A Visualgui.com reader asked me if I’ve heard of Ngoc Anh and if I have to recommend one of her albums, which one would it be? I told him Ngoc Anh was a member of 3A group, and she has a strange scratch, which I adore, in her voice; however, I could not recommend any of her albums because I have not listen to any of them. So this is an opportunity to give Ngoc Anh a try. After a few minutes visiting her site and looking at her records, Ngoc Anh Online jumps right at me. It’s her latest album. The title is cheesy but catchy, and I like it because “online” refers to the web. What can I say? I like anything that has to do with the web.

Ngoc Anh caught my attention when she sang “Anh Da Khac Xua” (You’ve Changed) on Do Bao’s Canh Cung (Bow’s Wing), which featured various artists including Tran Thu Ha, Khanh Linh, and Ho Quynh Huong. Unlike these female musicians who gave Do Bao’s romantic compositions soft and sweet sounds, Ngoc Anh brought the roughness and bitterness into his work with her raspy voice. “Anh Da Khac Xua” is also featured on this album along with Do Bao’s “Bai Hat Cho Em” (A Song For You). “Anh Da Khac Xua” fits Ngoc Anh like a pair of tight jeans because the song requires deep emotions and she has it in her vocals; however, the sugary and chocolaty “Bai Hat Cho Em” fits songbird Khanh Linh better. Ngoc Anh’s style is superior on the hard-rock rendition of Ngoc Dai and Ngoc Oanh’s “Canh Dieu” (Kite’s Wing) and the trance-remixed version of Kim Ngoc’s “Chi La Giac Mo” (Only a Dream).
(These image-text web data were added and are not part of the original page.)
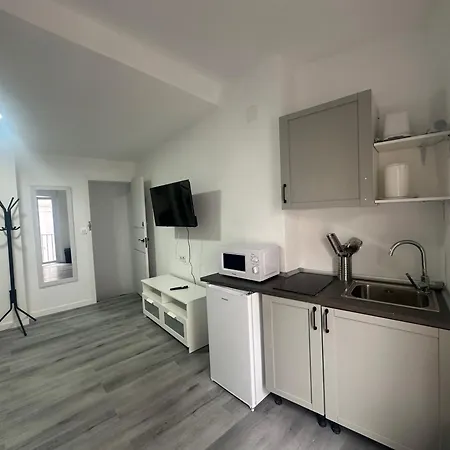 Calle Harinas 23 Apartamento *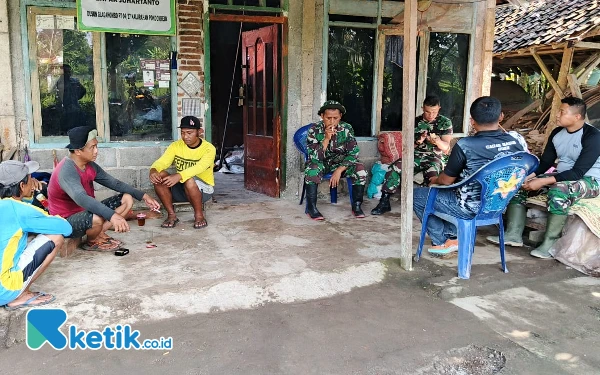 Foto Kegiatan TMMD Reguler ini juga sekaligus dapat mempererat kebersamaan antara TNI dan masyarakat lokal. (Foto: Pendim 0732/Sleman for Ketik.co.id)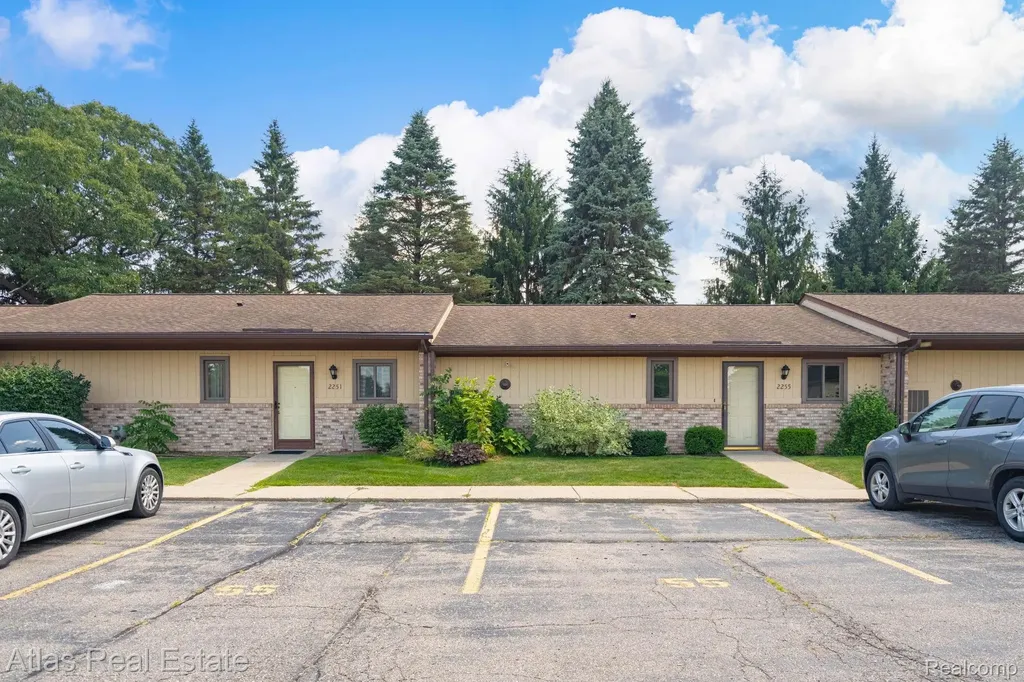 2255 N Milford Road Highland Charter Township MI 48357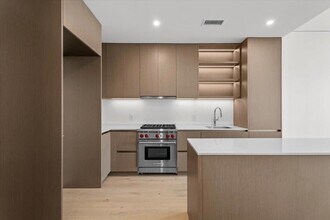 610 Davis St, Unit 1809 in Austin, TX - Building Photo - Building Photo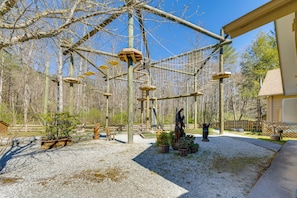 Un parque infantil con estructuras para escalar y una estatua.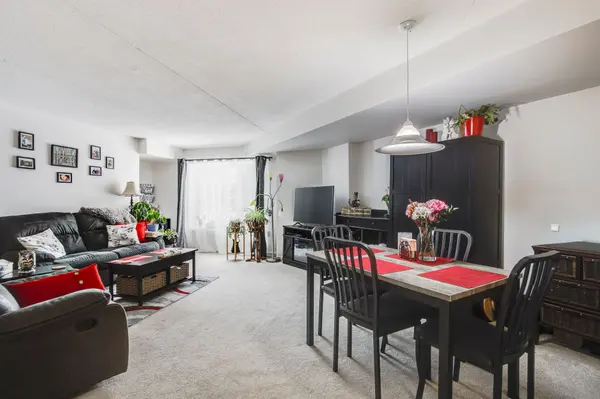 333 LAFONTAINE RD W #310, Tiny, ON L9M 0H1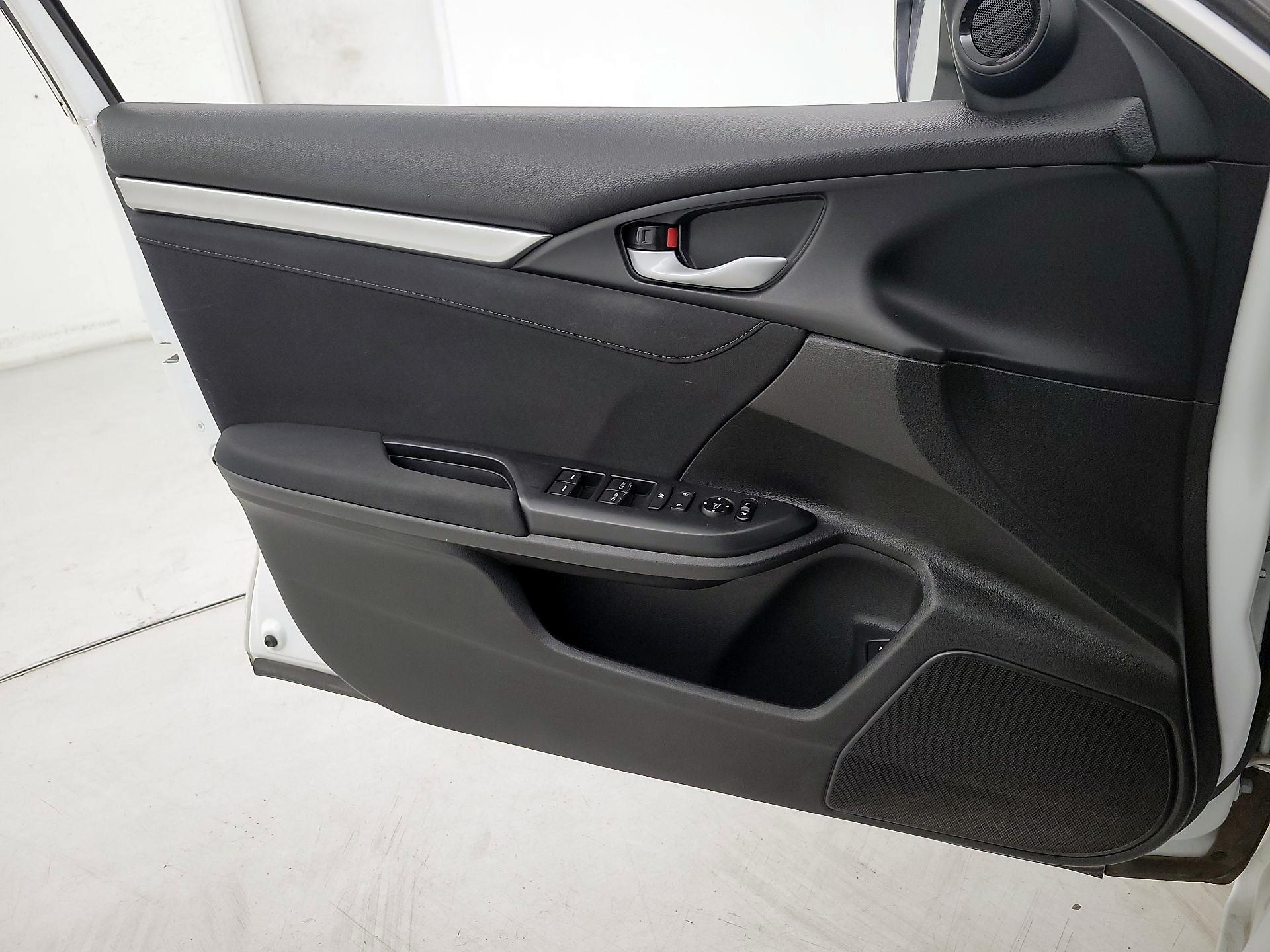 Thumbnail: 2016 Honda Civic - 12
Lately, Duc Huy’s songs are being covered by a number of young singers in Viet Nam such as Dam Vinh Hung, Thu Minh, and Hien Thuc. Unfortunately, only Thu Minh can revived Duc Huy’s “Va Con Tim Da Vui Tro Lai” (And The Heart is Happy Once Again) with a bit of freshness. Other singers in Viet Nam, including Ngoc Anh, are still not able to match those in the States. Ngoc Anh’s rendition of “Nhu Da Dau Yeu” (Like We Have Loved) lacks the crispness and soulfulness that Ngoc Lan and Don Ho had brought to the work. Both Ngoc Anh and Hien Thuc could not express “Dung Xa Em Dem Nay” (Don’t Leave Me Tonight) as lithe and sultry as Duc Huy’s wife, Thao My. Since Duc Huy’s compositions were born in the States, they should stay in the States.

Online may not be a strong album for song selections, but Ngoc Anh’s gravel voice is always a pleasure to listen to, and the polished productions from Do Bao, Thanh Phuong, and Huy Tuan help too. She turns Phu Quang and Thai Thang Long’s “Muon” (Late) into a hot club joint, and delivers a heart-wrenching, soul-stirring emotion on Phu Quang and Nguyen Trong Tao’s “Mot Dai Kho, Mot Toi” (One Foolish, One Me). I am feeling her gravel timbre: crack on the surface but smooth underneath.